(WORK REQUIRED):
Below this line is a listing that includes pictures. Copy exactly, and only, the lines from the one containing "Білий Ауді Ку" through the one containing "SALE 40%OFF !"; the pictures do not go in the copy.

(RECORDS TO USE):
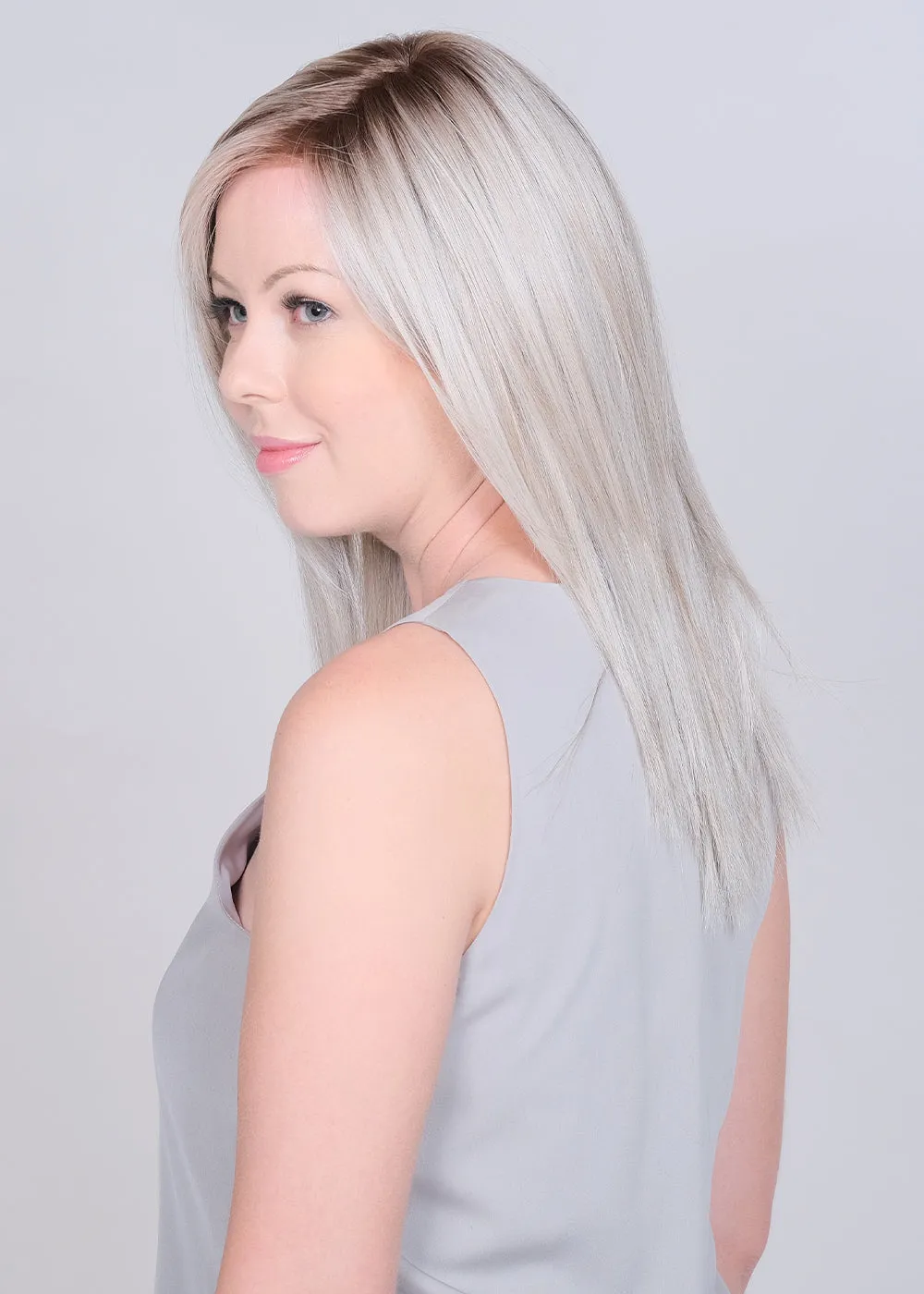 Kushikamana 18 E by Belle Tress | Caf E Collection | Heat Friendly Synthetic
---
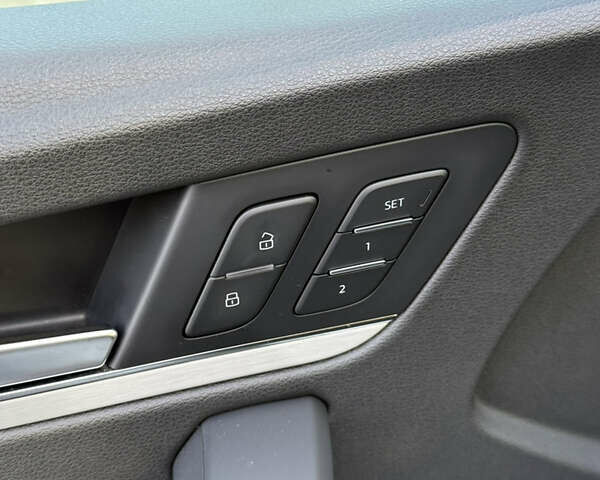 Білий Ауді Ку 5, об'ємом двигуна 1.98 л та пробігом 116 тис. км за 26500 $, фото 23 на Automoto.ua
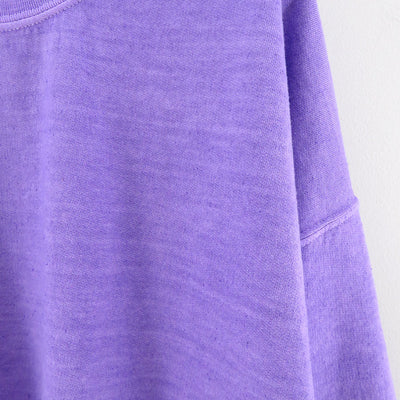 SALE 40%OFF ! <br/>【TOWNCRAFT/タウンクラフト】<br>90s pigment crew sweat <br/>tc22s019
---
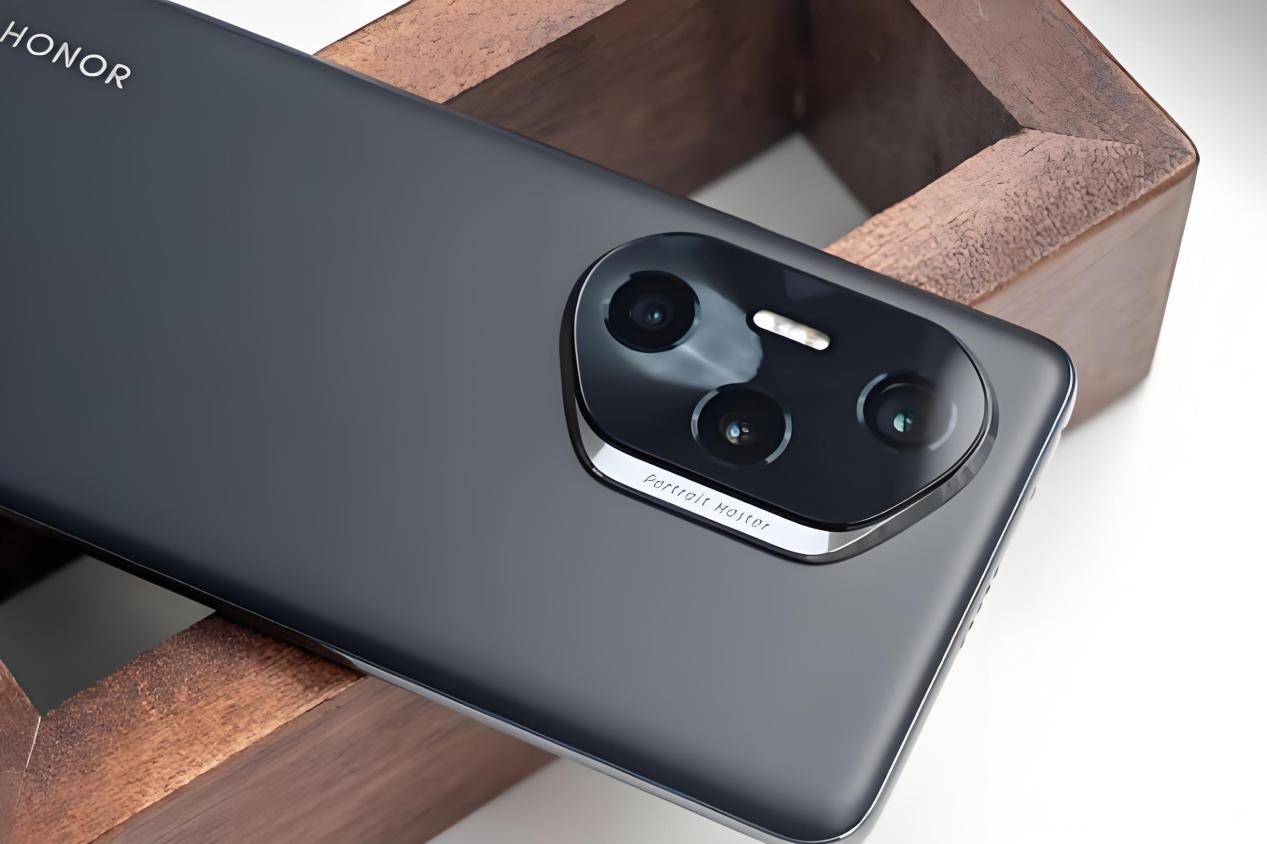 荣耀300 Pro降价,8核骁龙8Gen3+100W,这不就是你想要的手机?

(RESPONSE):
 Білий Ауді Ку 5, об'ємом двигуна 1.98 л та пробігом 116 тис. км за 26500 $, фото 23 на Automoto.ua
 SALE 40%OFF ! <br/>【TOWNCRAFT/タウンクラフト】<br>90s pigment crew sweat <br/>tc22s019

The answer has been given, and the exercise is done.